Frédéric Passy dit très bien : « Tout ce qui détourne les hommes de l’examen rigoureux et sévère des opérations dans lesquelles ils mettent leur argent ou leur temps est mauvais ; tout ce qui remplit les esprits d’illusions et d espérances dans un risque est plus mauvais encore. »

On voit en effet que les sociétés paisibles supportent mal cette « espérance dans un risque » : elles composent sans doute jésuitiquement avec les bons principes en autorisant l’émission des valeurs à lots, mais elles atteignent des manifestations plus franches au nom même de la Loi.

En temps de guerre elles utilisent cependant le dévouement et l’aveuglement des « risque-tout » ; elles ont besoin de ces imprévoyants qui n’examinent pas trop rigoureusement la nature de l’opération dans laquelle ils gagent leur temps et leur vie. Mais quelle raison y a-t-il dans l’amour du danger ? Cela renverse en fait tous les systèmes de jouissance sur lesquels on prétend fonder l’édifice social. Quelle folie à braver la tempête comme un pompier de naufrages, à tenter le hasard des voyages, à jouer avec le feu des révolutions, à s’immoler obscurément, à rechercher sa perdition, à se suicider pour rien, pour le plaisir, comme un sage ou comme un superhomme. Cela est assez absurde au sens ordinaire et les disciples d’Aristippe devront y réfléchir deux fois. Mais il y a de grands jouisseurs ou d’humbles instinctifs, de grands raisonneurs ou des sceptiques à sentiment dont l’âme est capable de ces courses au delà du sens commun.

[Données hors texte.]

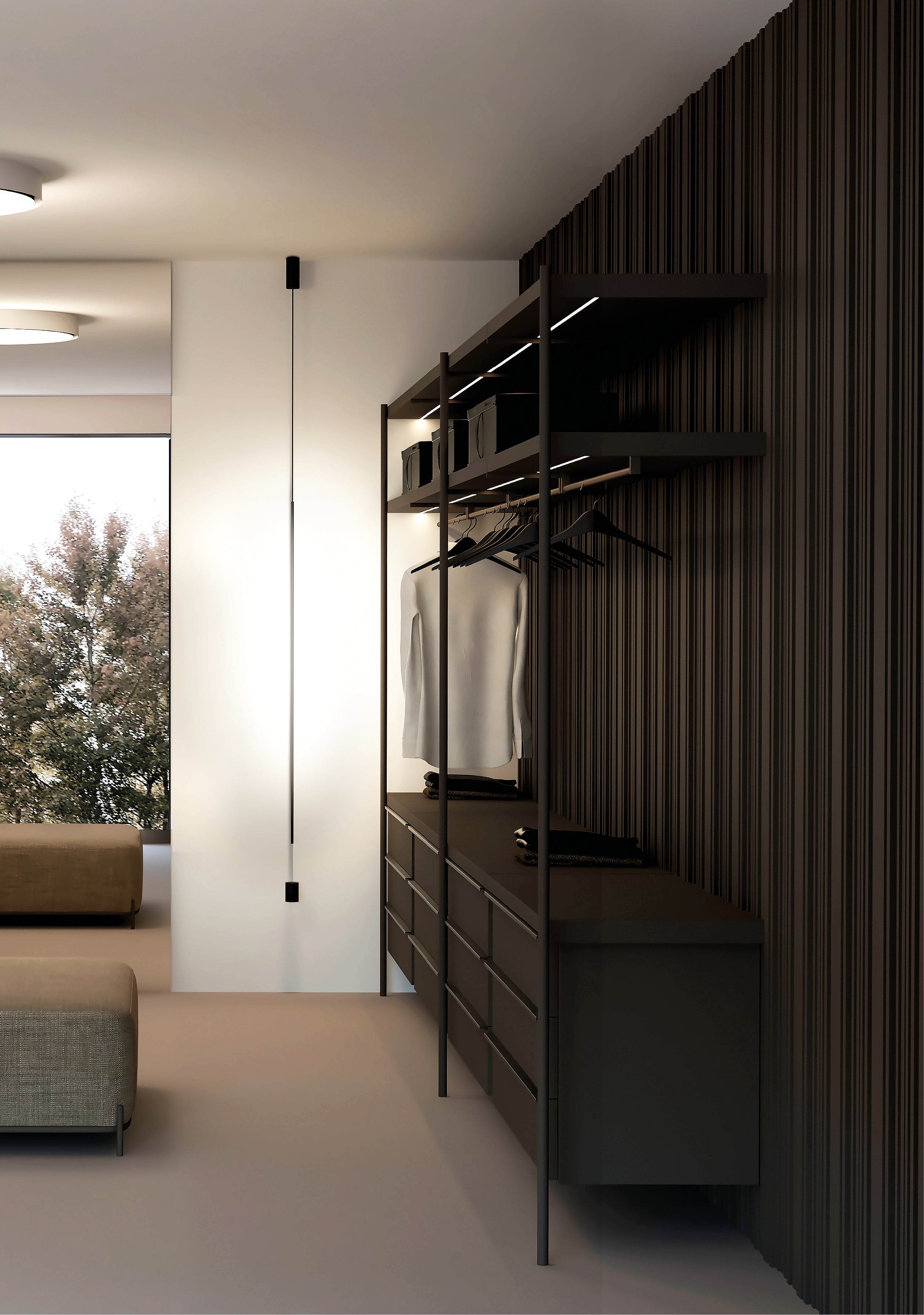 Nowodvorski Lampa wisząca VERTIC LED 19W 50/60Hz - Aluminium lakierowane - Czarny II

La pure beauté du jeu c’est qu’il est absurde de la même façon, et qu’il contredit la vaine politique des fourmilières. Qu’importe les émotions du gain vite porté « aux tavernes et aux filles » ? l’émotion particulière du jeu plus âcre et vraiment noble, c’est de perdre ; oui, la ruine sans effort, sans but, comme le suicide, par le seul fait d’une volonté libre qui lutte, se débat et succombe, brisée par le hasard souriant. L’amour du danger pour lui-même apparente le jeu avec les dévouements définitifs, et le tragique éternel, et l’inutilité des énergies dépensées.

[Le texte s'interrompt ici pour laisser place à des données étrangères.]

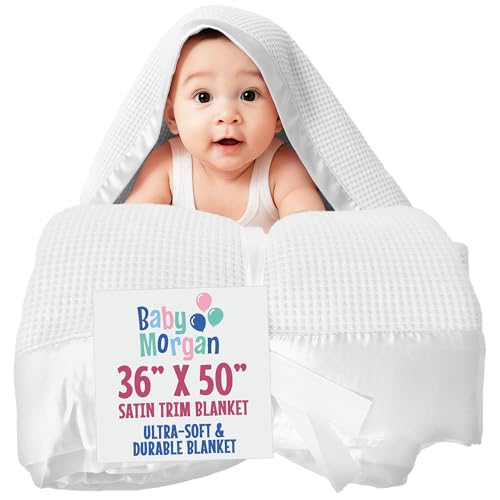 Image of Blankets Thermal Waffle Baby Blanket Crib Bedding - Soft Cozy Warm Infant Thermal Cover for Nursery Stroller or Bassinet, Lightweight Ideal Shower Gift, Satin Trim White 36 inch x 50 inch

Quel vif sentiment de s’éloigner des choses et de rester nu en face de soi-même peut ressentir le joueur, après les luttes du tapis vert, quand il se retrouve, les poches vides et l’âme béante par un matin clair de juillet, les vitres du cercle flambant encore, et les balayeurs inondant les chaussées. Quels appels vers l’inconnu, l’inconscient, l’insondable ! et quel chant de sirène vers les plaines trompeuses de la mer ! Baudelaire a dit l’idéal vengeur et salubre de ces aubes.

D’ailleurs le jeu est encore moral parce qu’il offre au riche une occasion de se ruiner et au pauvre celle de s’enrichir. Les joueurs, les aventuriers et les courtisanes, seuls survivants des âges héroïques, ont mené le monde jusqu’aujourd’hui ; il est peu probable que cela cesse jamais et qu’enfin la raison triomphe avec la justice, car ce jour-là la planète sera froide. En attendant, sous le sweating system, il est bien que la force sociale de l’or ne soit jamais définitivement acquise. Un nom, un passé, une race, cela se perdait moins facilement ; devant le jeu, le fruit des laborieuses rapines n’est jamais qu’un château de cartes, — et la hiérarchie des classes n’est pas si bien établie qu’on n’en puisse passer quelques échelons, comme en songe. Ce n’est pas une justice, mais une chance, une ironie, une chose légère et philosophique, le seul éclat de rire au nez de la divinité. Certes l’instinct du jeu est assez diabolique, mais quand l’argent panthéonise, il n’est pas étonnant qu’on en appelle au diable. Cependant la Belgique se convertit.